- INPUT DATA:
□ □ □

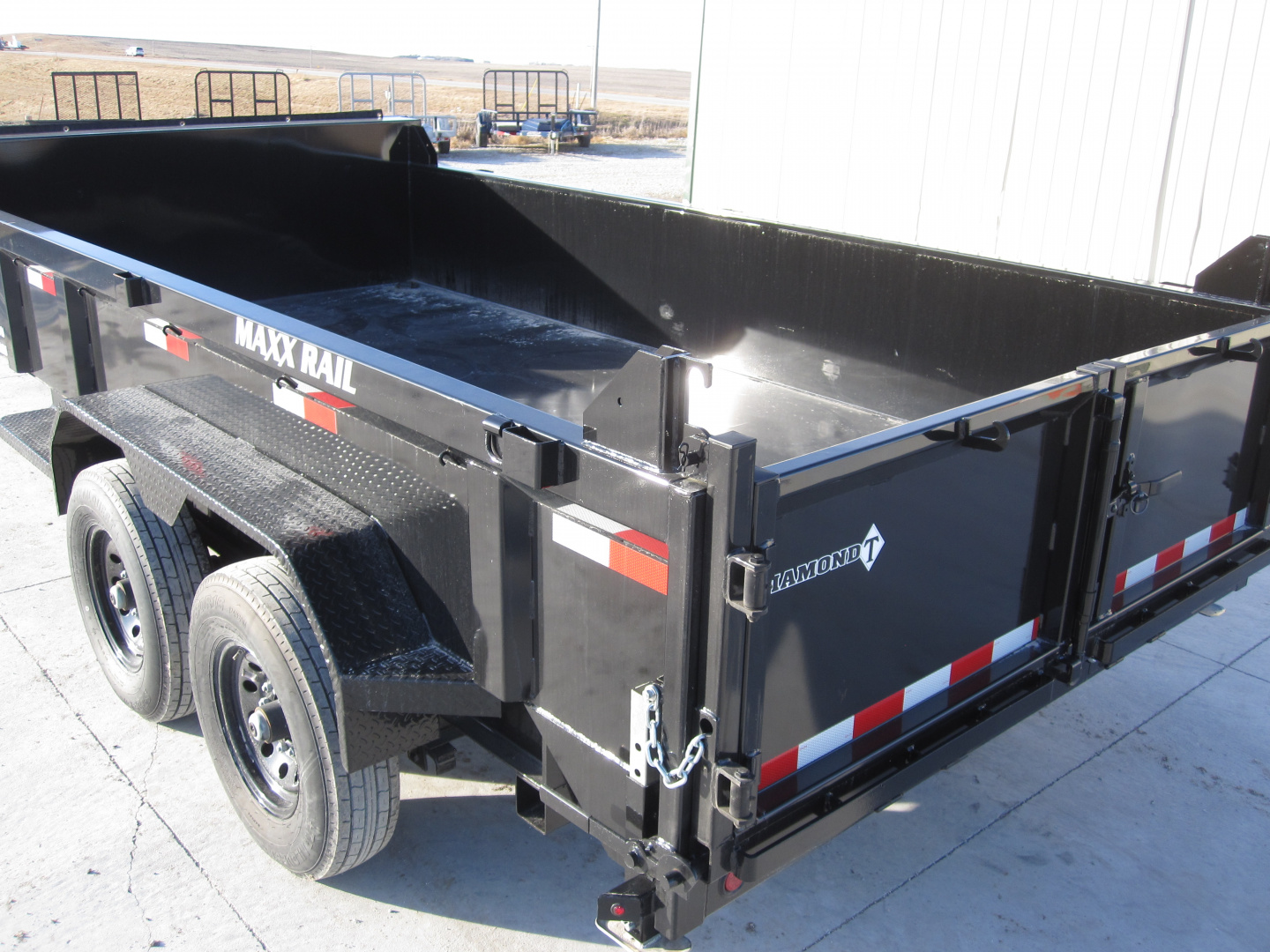 New 2026 Diamond T 83x14 Lo-Pro Dump Trailer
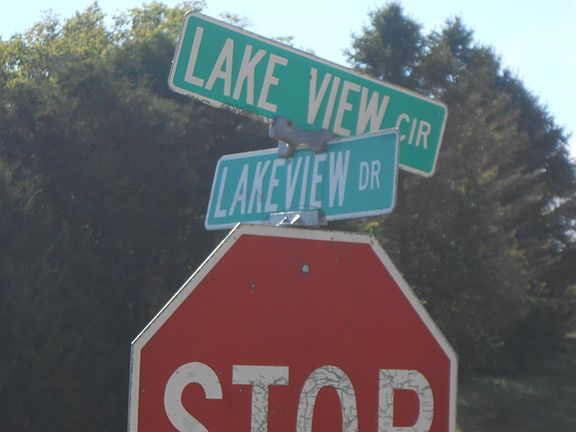 2nd image of 140 Lakeview Dr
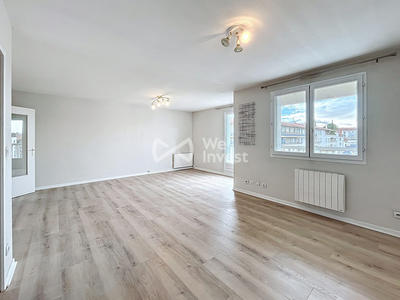 Appartement - 100 m² - 5 pièces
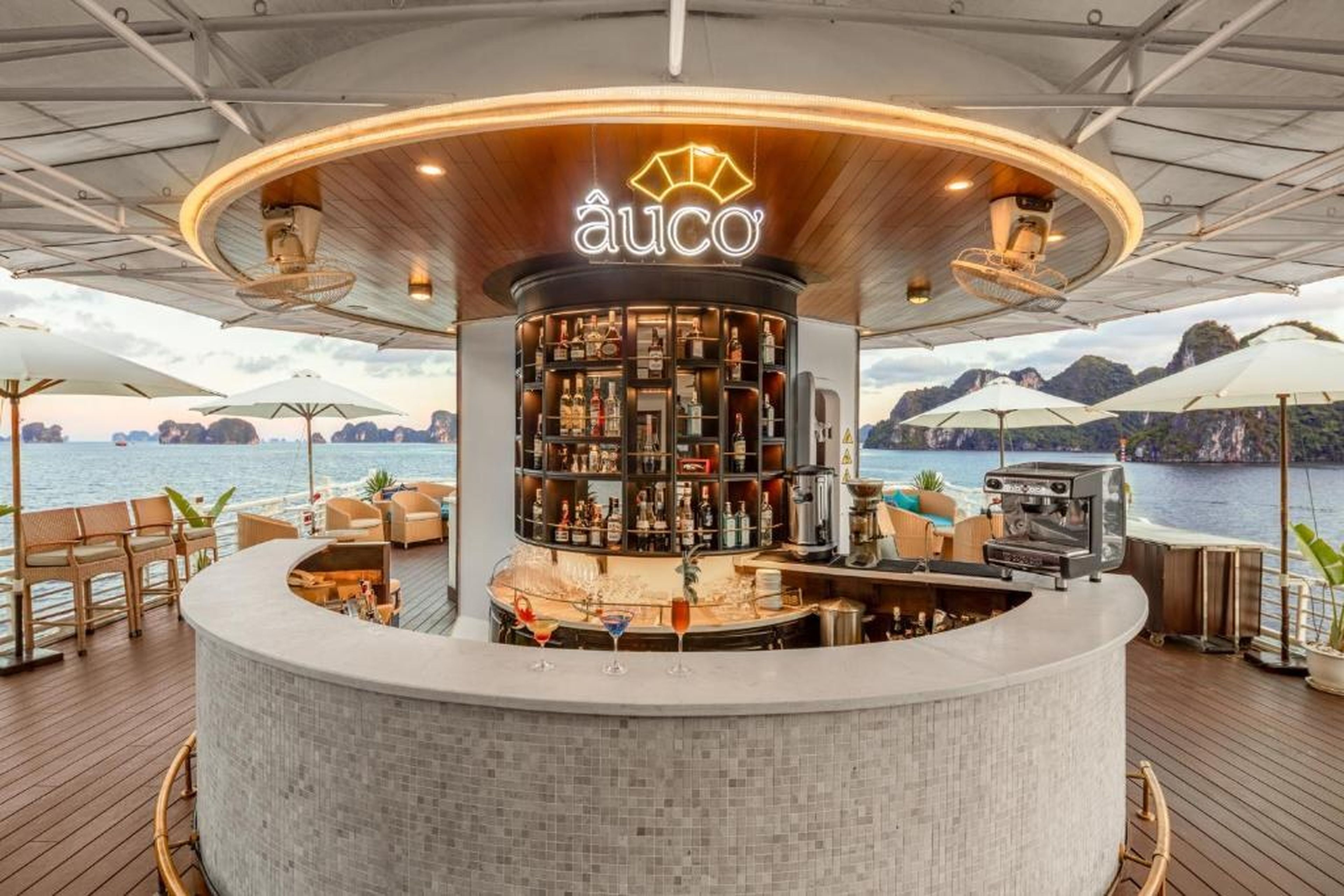 The Au Co Cruise - Longest Cruise 2 Bays - Hình 20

□ □ □

- TASK STATEMENT: Leaving the pictures out, set down all of the data again exactly.

- TASK ANSWER:
 New 2026 Diamond T 83x14 Lo-Pro Dump Trailer
 2nd image of 140 Lakeview Dr
 Appartement - 100 m² - 5 pièces
 The Au Co Cruise - Longest Cruise 2 Bays - Hình 20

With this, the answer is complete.